The car is still an issue...I had it into the shop this morning - spent 2 hours sitting there. The tech ended up calling a tech line to get more info as he couldn't get it to act up. Eventually the decision was made to cut 3 wires and install separate fuses to each system that was controlled by the one fuse that was blowing. That will hopefully allow the problem system to be isolated and repaired. However over the last 2 weeks I've sunk almost $500.00 into the car so it's rather discouraging to know that I might have to take it back and have more work done on it. Additionally it completely quit on me on the way home - the tech and another guy actually had to drive out and get it running again. Apparently there was a loose connection that caused everything to quit.
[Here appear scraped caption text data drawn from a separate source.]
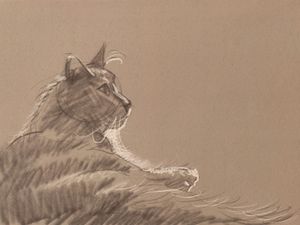 Alva Sketch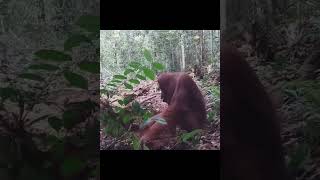 Young Orangutan With Mother.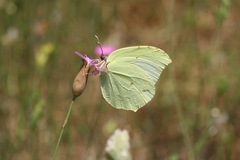 Gonepteryx farinosa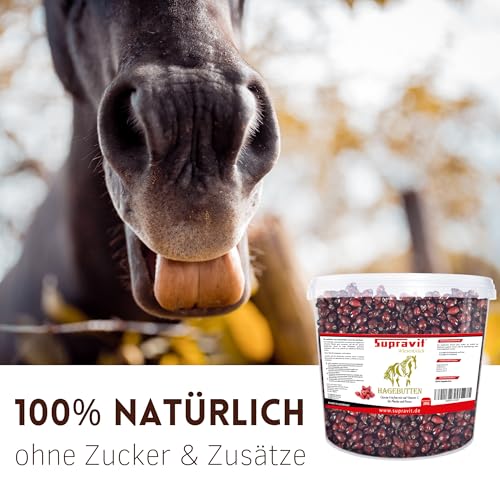 Supravit Hagebutten Pferd | Mit viel Vitamin C für Pferde und Ponys | 2kg Eimer I Ganze getrocknete Früchte - natürliche Pferdeleckerlis ohne Zucker | Erstklassige Qualität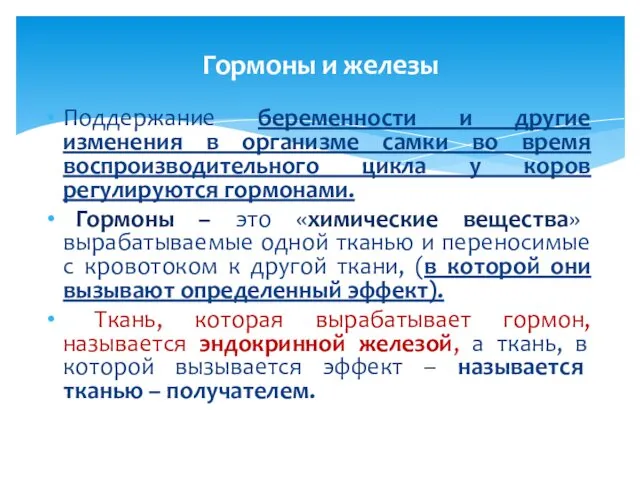 Поддержание беременности и другие изменения в организме самки во время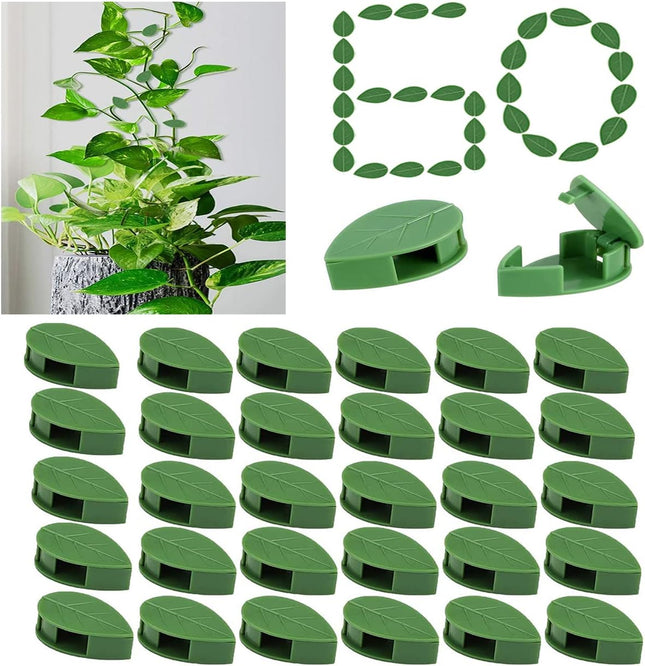 60 Pcs Plant Climbing Wall Fixture Clips Acrylic Self-Adhesive Sticker Fixer Vine Traction in Green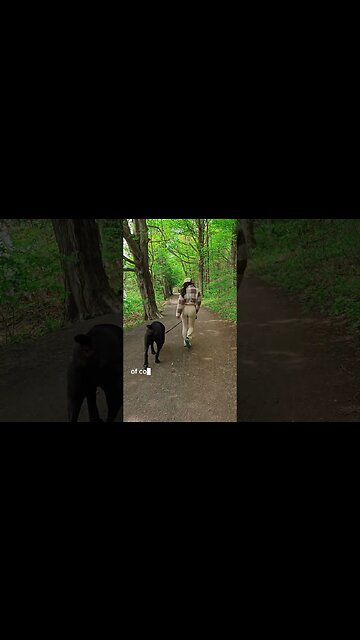 BEST Natural TICK Remedy for Dog's & Humans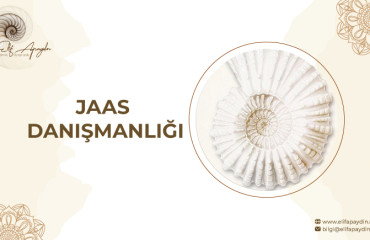 JEAN ADRİENNE ARINMA SİSTEMİ (JAAS) BİREYSEL DANIŞMANLIK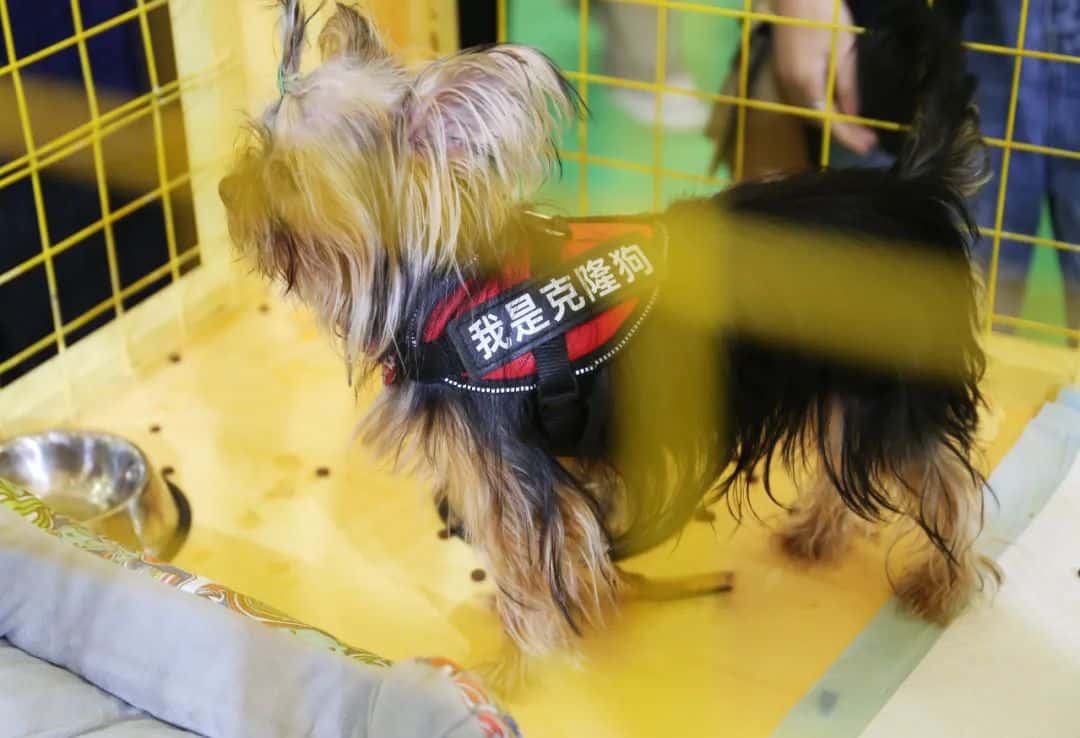 花11万元克隆「复活」宠物狗，实验多次失败，退款也拿不到！背后公司是「明星」企业，曾高喊「三到五年上市」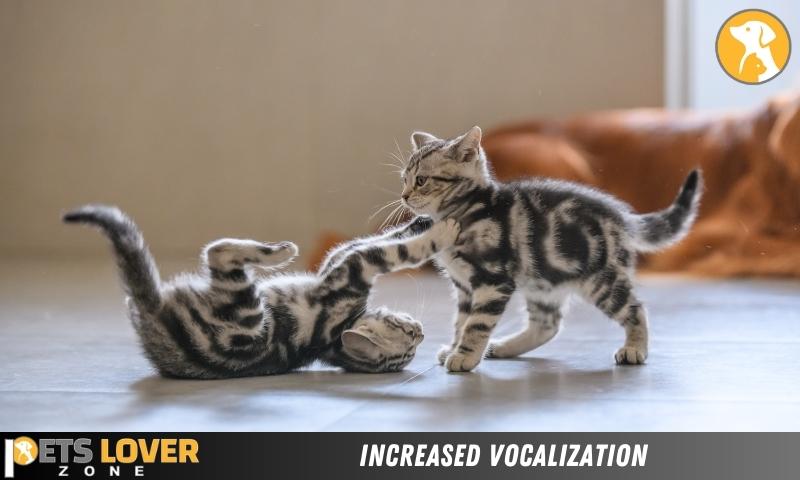 Increased Vocalization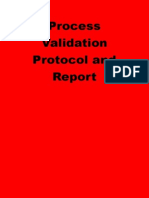 Process Validation Protocol and Report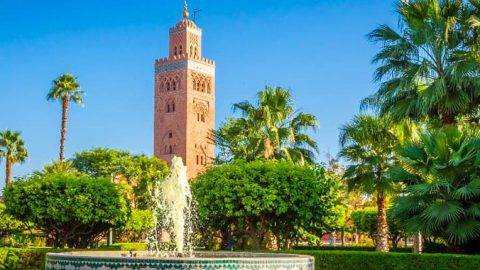 Maroc: Sigma 3 A va évaluer la vulnérabilité de la biodiversité urbaine de Marrakech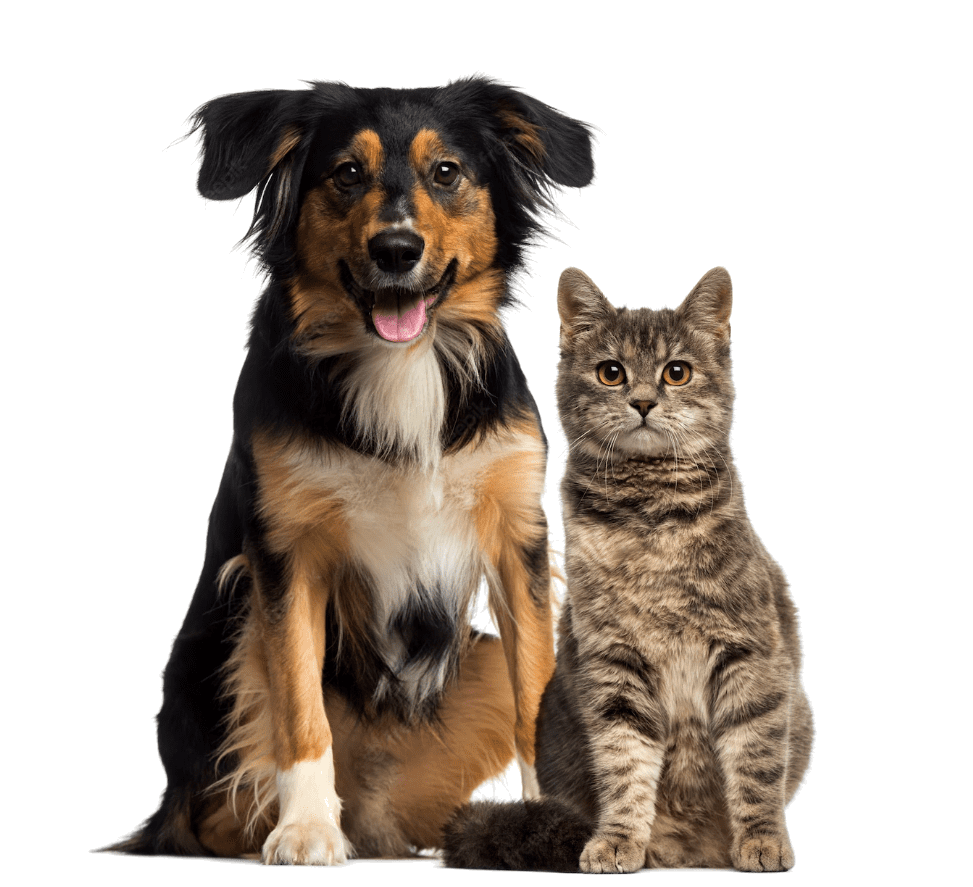 Pet Resort and Pet Boarding for cats and dogs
Son1 is being challenging at the moment. His school counsellor who invested alot of time and energy into getting him to space camp is trying to get in touch with him to find out how it went. However some of the times she's called I've not been home and he won't pick up the phone. At least one other time he was too exhausted and emotional to talk. Right now he's refusing to call her back because he "doesn't like talking on the phone". I don't care much for it either (talking on the phone) but sometimes it has to be done. However when I suggest it he just gets upset and emotional. I'm at a loss.
If I don't watch it this post will be at least as long as the one I'd typed out earlier. I am feeling abit better though there's still other issues causing stress. I need to get off the computer, go have some quiet time and get some sleep. A large part of my frustration is that I haven't been having regular quiet times...I know that affects things as does lack of sleep and being too busy.
Things to be thankful for: the rain we've had this week - it's muchly needed.
: the fact that a meeting I was very nervous about yesterday went fantastic - the other person involved and I were able to talk things out - she's feeling alot better about my friendship with her daughter.